**TASK:** There are pictures in the records below; leave them out and set down exactly the lines from the one holding "Multicolor Stripe Flap" through the one holding "2019 Lad Woman".

**DATA RECORDS:**
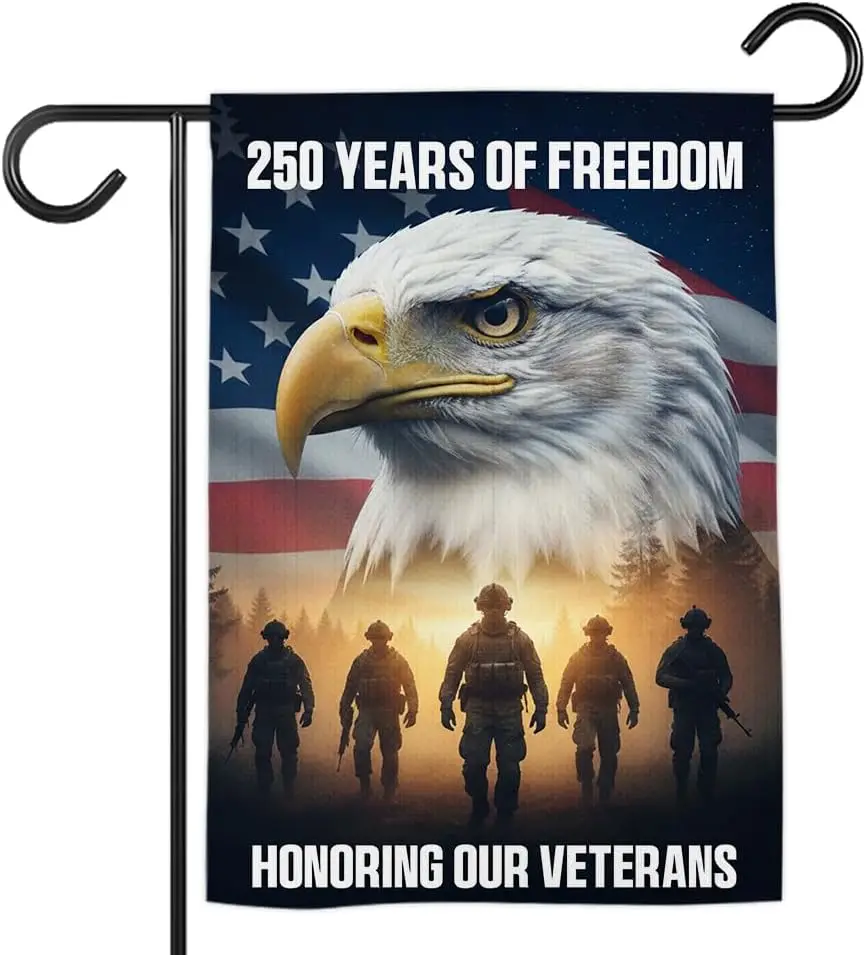 TODOLIA (12"x18") 250 Years Of Freedom Honoring Our Veterans Garden Flag Double Sided, July 4th USA 250th Anniversar MMZ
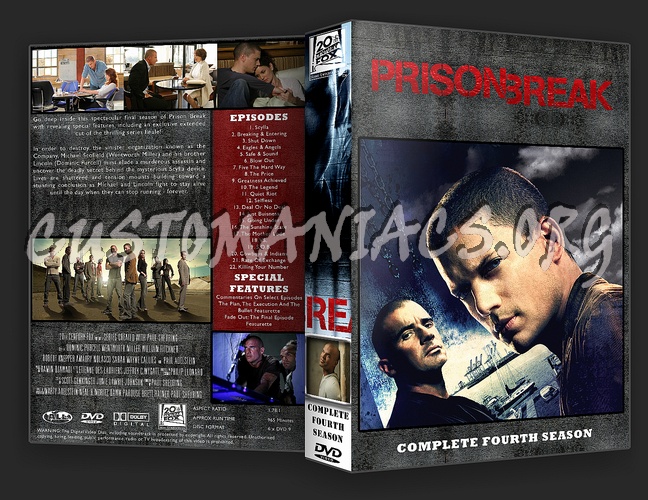 Prison Break Complete Season 1-4 & Movie dvd cover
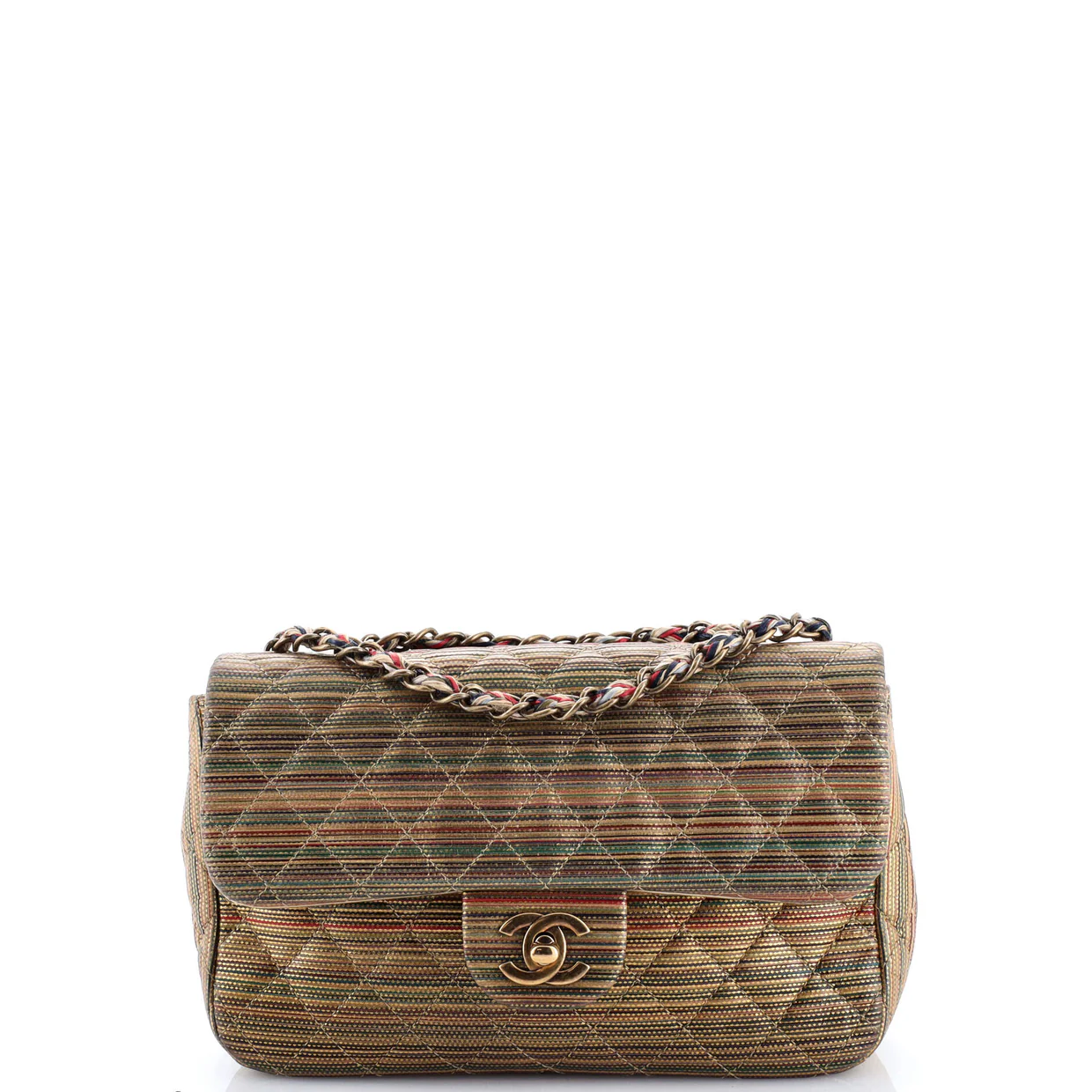 Multicolor Stripe Flap Bag Raffia Effect Braided Chain Small - Deep Luxury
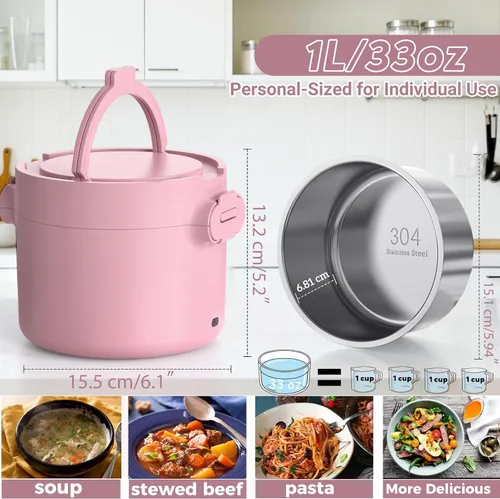 Vista 2 de Lonchera eléctrica de 100 W, calentador portátil de alimentos de 33 onzas, color rosa A-Rosa-33oz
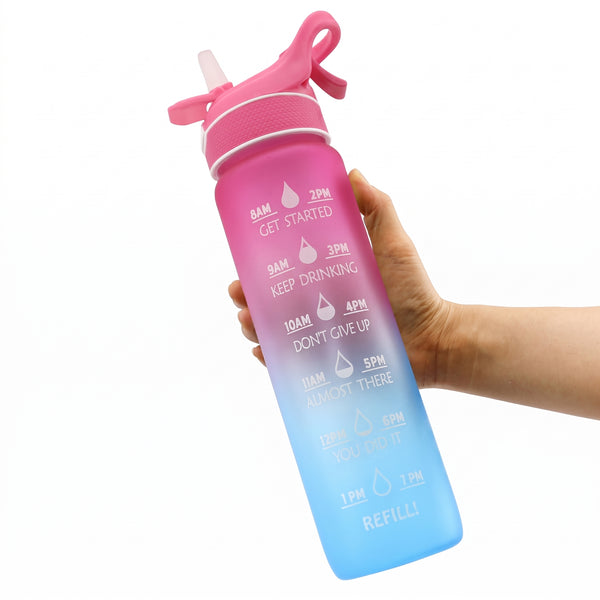 SPORTS WATER BOTTLE WITH STRAW AND TIME MARKER 1000ML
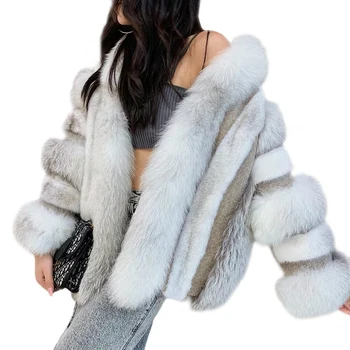 2019 Lad Woman Coat Real Fox Fur Mink Fur Luxury Style Female Overcoat Genuine Natural Mink Fur Coat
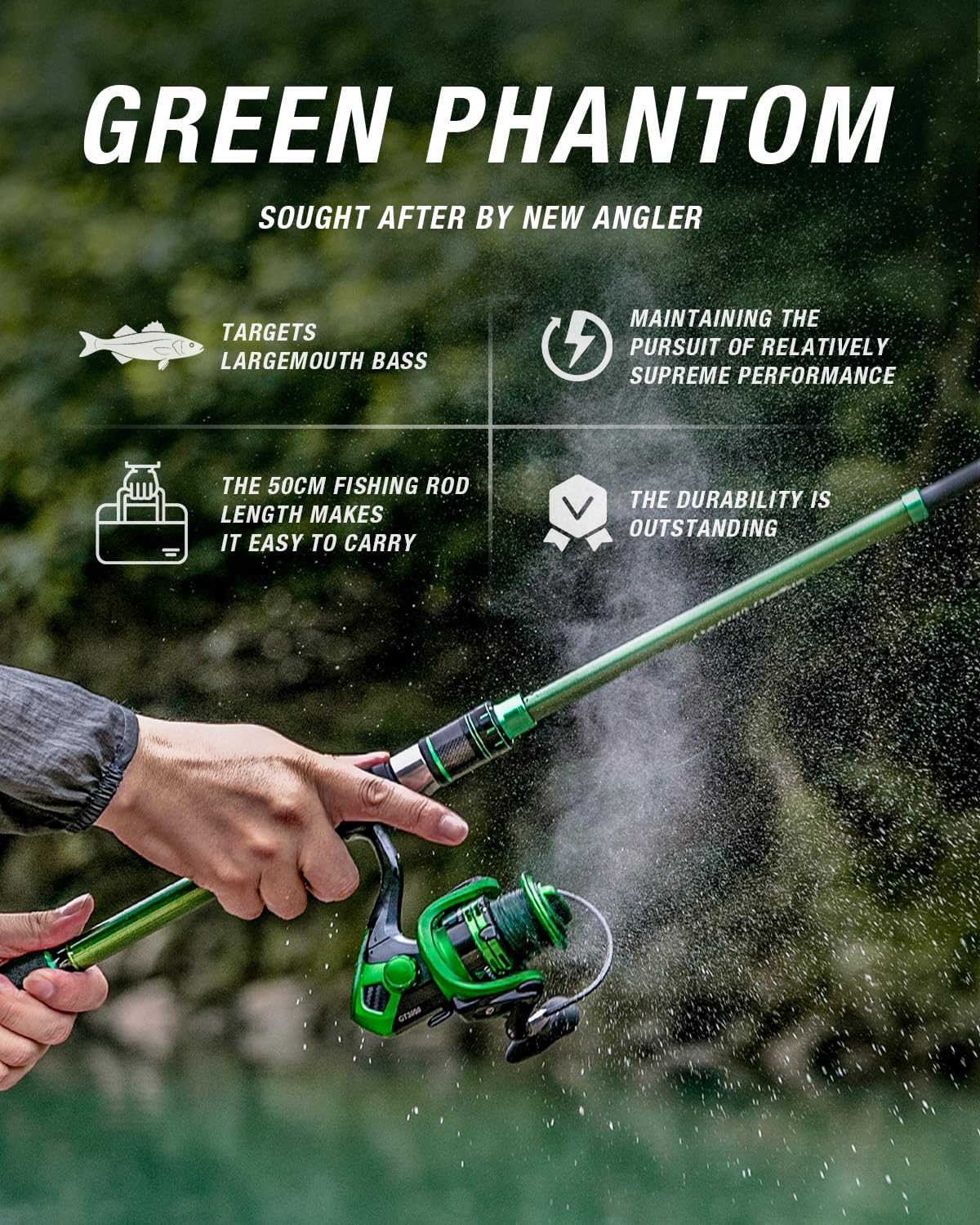 Ghosthorn Fishing Rod and Reel Combo, Graphite Telescoping Fishing Pole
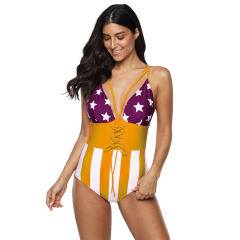 Fashion Star Print Beach Wear Women Plus Size 3XL Swimwear PQ2014B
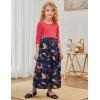 imagePerfashion Girls Maxi DressCottonCasualSleevelessLong Sleeve Crew Neck 615YRedspace Unicorn N05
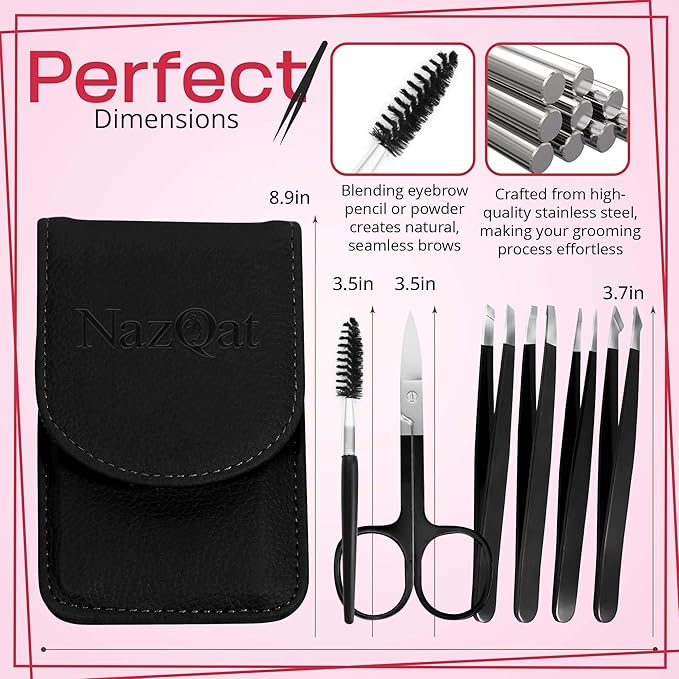 6-Piece Precision Eyebrow Tweezers for Women & Men - Professional Eyebrow & Facial Hair Grooming Kit with 4 Tweezers For Eyebrows, Eyebrow Scissors & Brush - Stainless Steel Tools in Leather Case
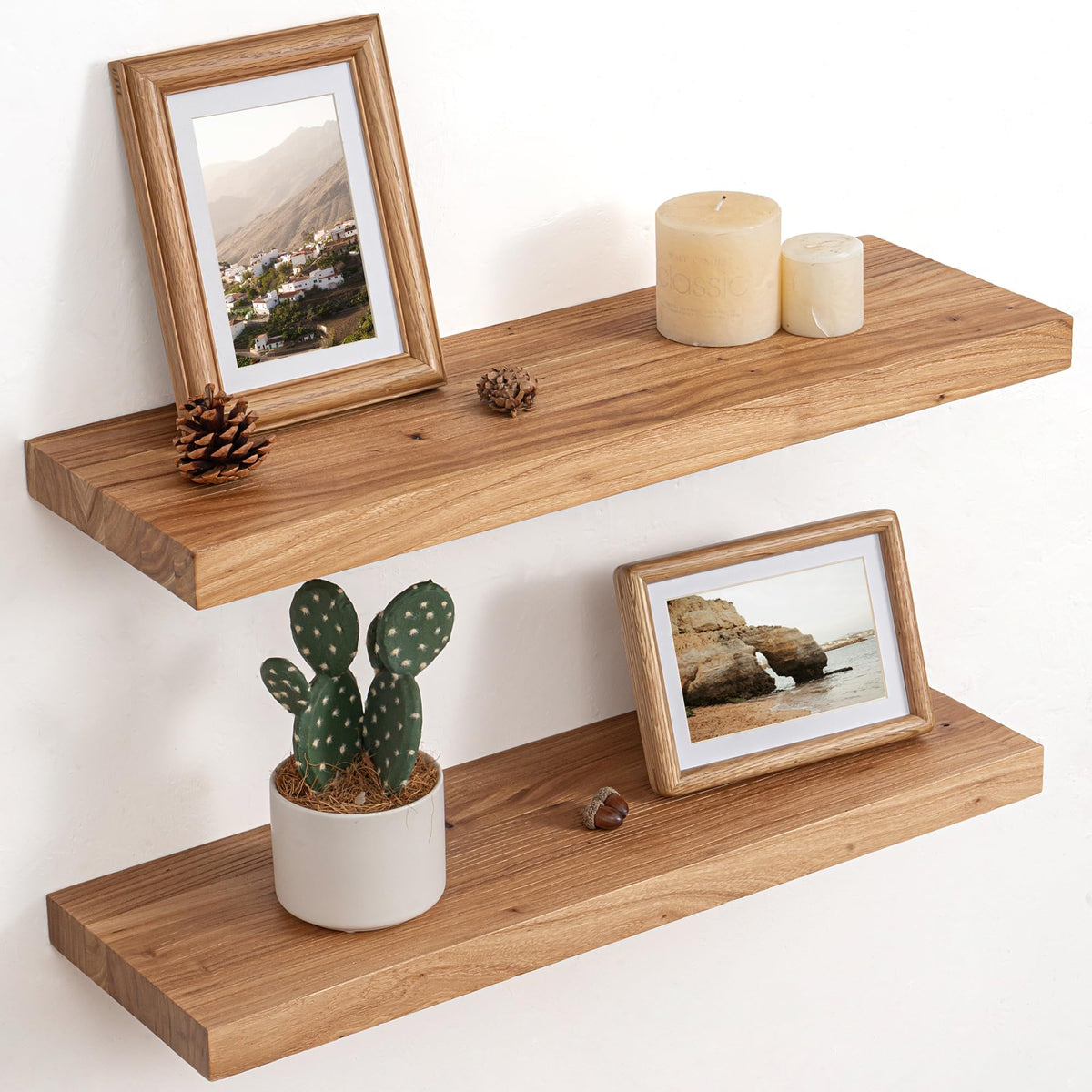 Floating Shelves for Wall Decor, Rustic Solid Elm Wood Live Edge Floating Shelves Wall Mounted, Wall Shelves with Invisible Bracket for Living Room Bathroom Bedroom Kitchen, 24 Inch Set of 2, Natural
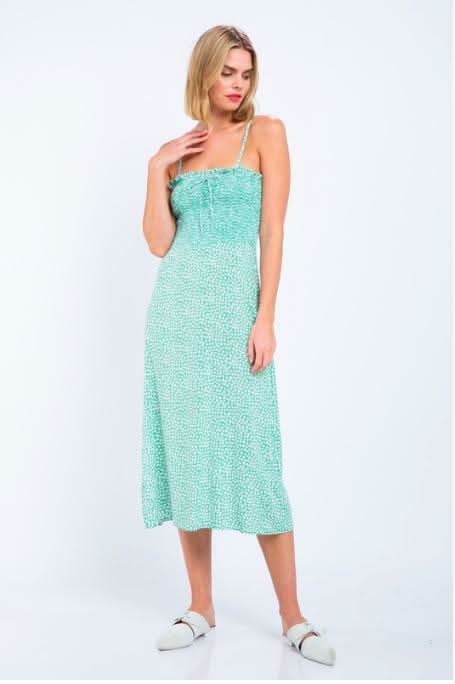 Jessica Spring Green and White Print Midi Dress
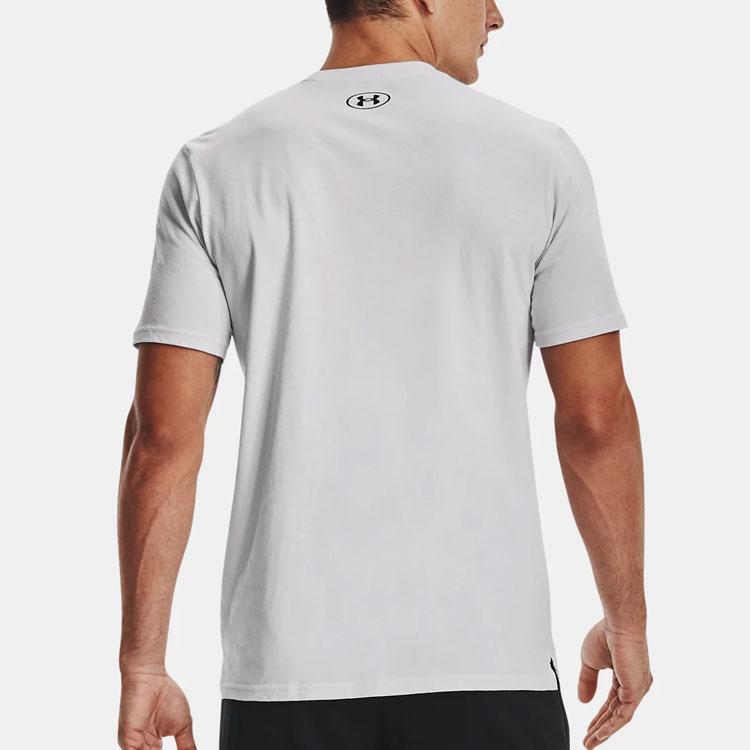 Under Armour Printed Crew Neck Short Sleeve T-Shirt Men Tops Gray 1362995-014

**EXERCISE RESPONSE:**
 Multicolor Stripe Flap Bag Raffia Effect Braided Chain Small - Deep Luxury
 Vista 2 de Lonchera eléctrica de 100 W, calentador portátil de alimentos de 33 onzas, color rosa A-Rosa-33oz
 SPORTS WATER BOTTLE WITH STRAW AND TIME MARKER 1000ML
 2019 Lad Woman Coat Real Fox Fur Mink Fur Luxury Style Female Overcoat Genuine Natural Mink Fur Coat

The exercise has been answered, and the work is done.